Define $$$f(t)$$$ as the maximum number of parts $$$t$$$ can be split into such that each part is a non-empty prefix of $$$t$$$. In other words, $$$f(t)$$$ is the maximum positive integer $$$k$$$ that satisfies the following condition:

  • There exist $$$k$$$ strings $$$p_1,p_2,\ldots,p_k$$$, which are prefixes of $$$t$$$, such that $$$t=p_1+p_2+\ldots+p_k$$$. Here $$$+$$$ denotes the string concatenation.

You are given a string $$$s$$$ of length $$$n$$$, consisting of only lowercase English letters. Let $$$s[x..y]$$$ represent the substring$$$^{\text{∗}}$$$ of $$$s$$$ from the $$$x$$$-th to the $$$y$$$-th character (inclusive). You need to answer $$$q$$$ queries. The $$$i$$$-th query provides two integers $$$l_i$$$ and $$$r_i$$$, and you need to find

$$$$$$ \sum_{j=l_i}^{r_i} f(s[l_i..j]). $$$$$$

$$$^{\text{∗}}$$$A string $$$a$$$ is a substring of a string $$$b$$$ if $$$a$$$ can be obtained from $$$b$$$ by the deletion of several (possibly, zero or all) characters from the beginning and several (possibly, zero or all) characters from the end.

Input

Each test contains multiple test cases. The first line contains the number of test cases $$$t$$$ ($$$1 \le t \le 10^3$$$). The description of the test cases follows.

The first line of each test case contains two integers $$$n$$$ and $$$q$$$ ($$$1 \le n \le 10^6$$$, $$$1 \le q \le 100$$$).

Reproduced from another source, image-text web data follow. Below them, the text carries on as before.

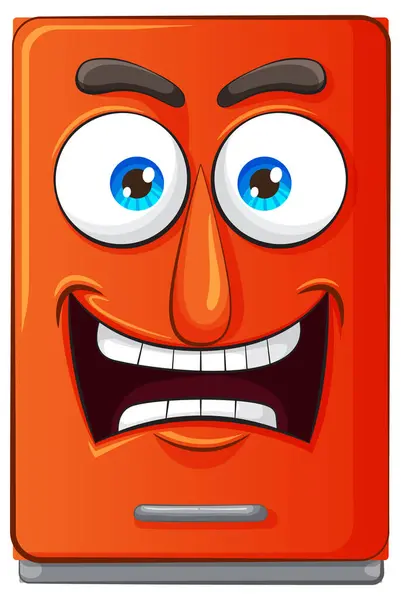 Cartoon Book Lively Expressive Face — Stock Vector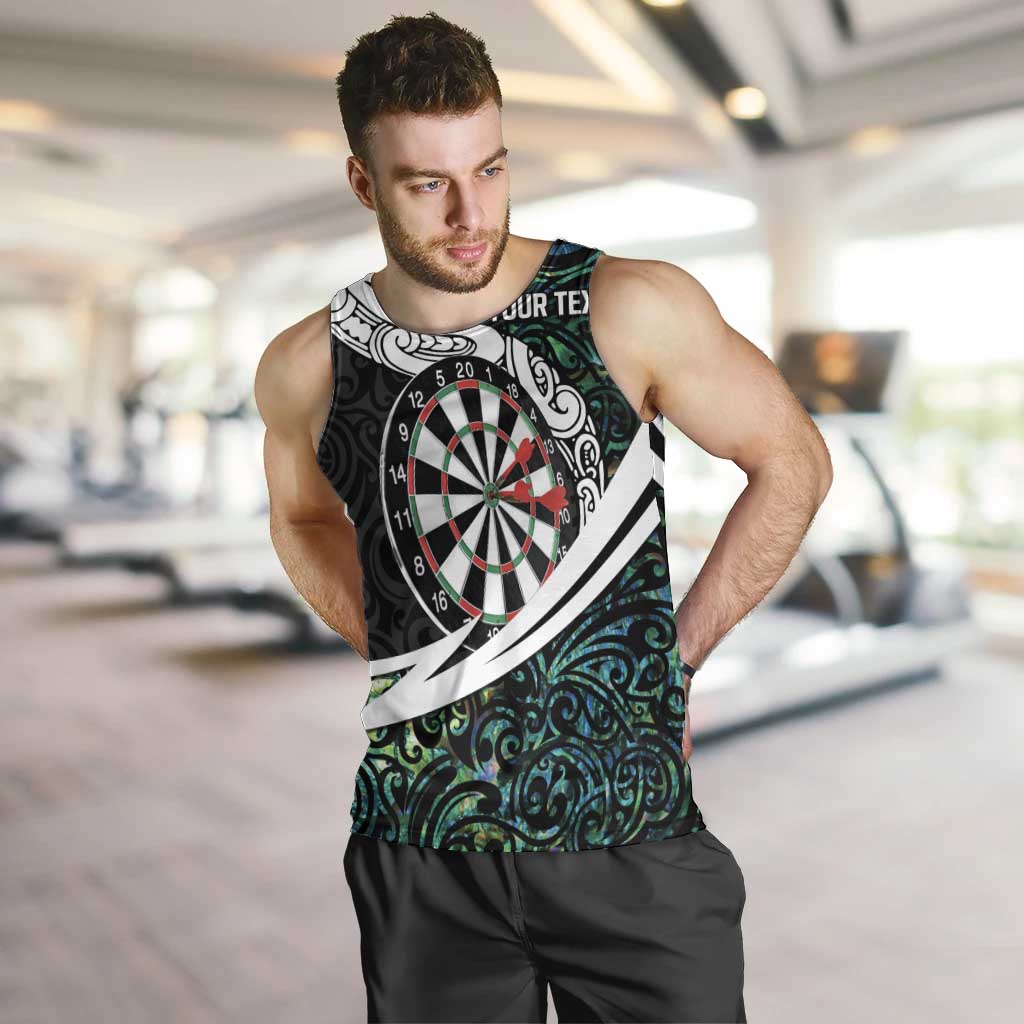 Personalized NZ Darts Men Tank Top Paua Shell Maori Koru Whakairo - Aussie Hoodie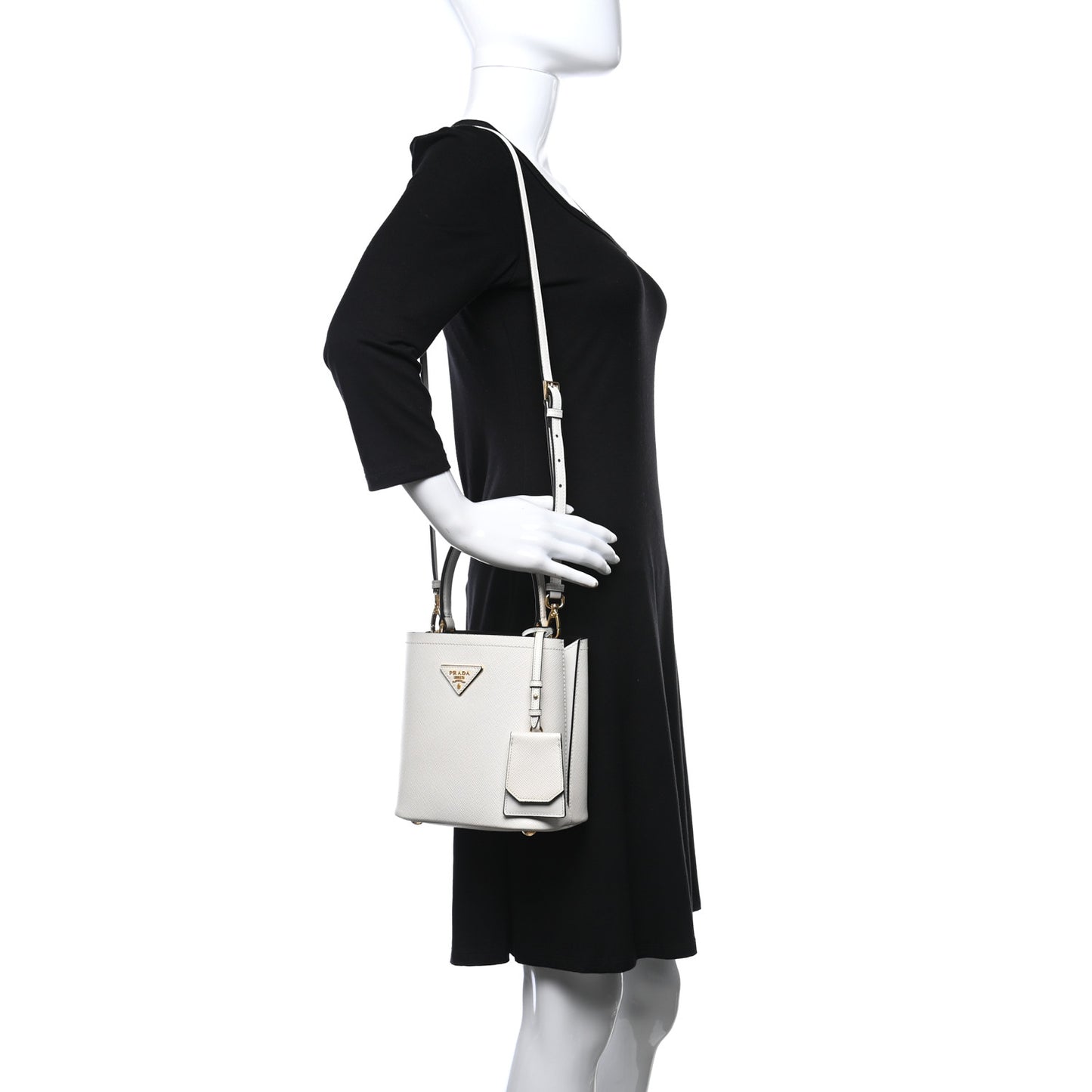 Saffiano Cuir Calfskin Small Panier Bucket Bag White Black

The second line contains the string $$$s$$$ of length $$$n$$$, consisting of only lowercase English letters.

The $$$i$$$-th of the next $$$q$$$ lines contains two integers $$$l_i$$$ and $$$r_i$$$ ($$$1 \le l_i \le r_i \le n$$$), representing the $$$i$$$-th query.

It is guaranteed that the sum of $$$n$$$ over all test cases does not exceed $$$10^6$$$.

Output

For each query, output an integer representing the value of the expression.

Example
Input
6
1 1
a
1 1
5 2
aaaaa
1 5
2 4
6 2
abcdef
1 6
3 5
6 3
abaaba
1 6
1 3
2 6
7 3
abcabca
1 7
2 7
4 7
8 3
aababaac
1 8
2 8
3 7
Output
1
15
6
6
3
14
4
7
12
9
5
13
14
7
Note

In the first test case, $$$f(\texttt{a})=1$$$.

In the second test case, $$$f(\texttt{a})+f(\texttt{aa})+f(\texttt{aaa})+f(\texttt{aaaa})+f(\texttt{aaaaa})=1+2+3+4+5=15$$$ and $$$f(\texttt{a})+f(\texttt{aa})+f(\texttt{aaa})=1+2+3=6$$$.

In the third test case, $$$f(\texttt{a})+f(\texttt{ab})+f(\texttt{abc})+f(\texttt{abcd})+f(\texttt{abcde})+f(\texttt{abcdef})=1+1+1+1+1+1=6$$$ and $$$f(\texttt{c})+f(\texttt{cd})+f(\texttt{cde})=1+1+1=3$$$.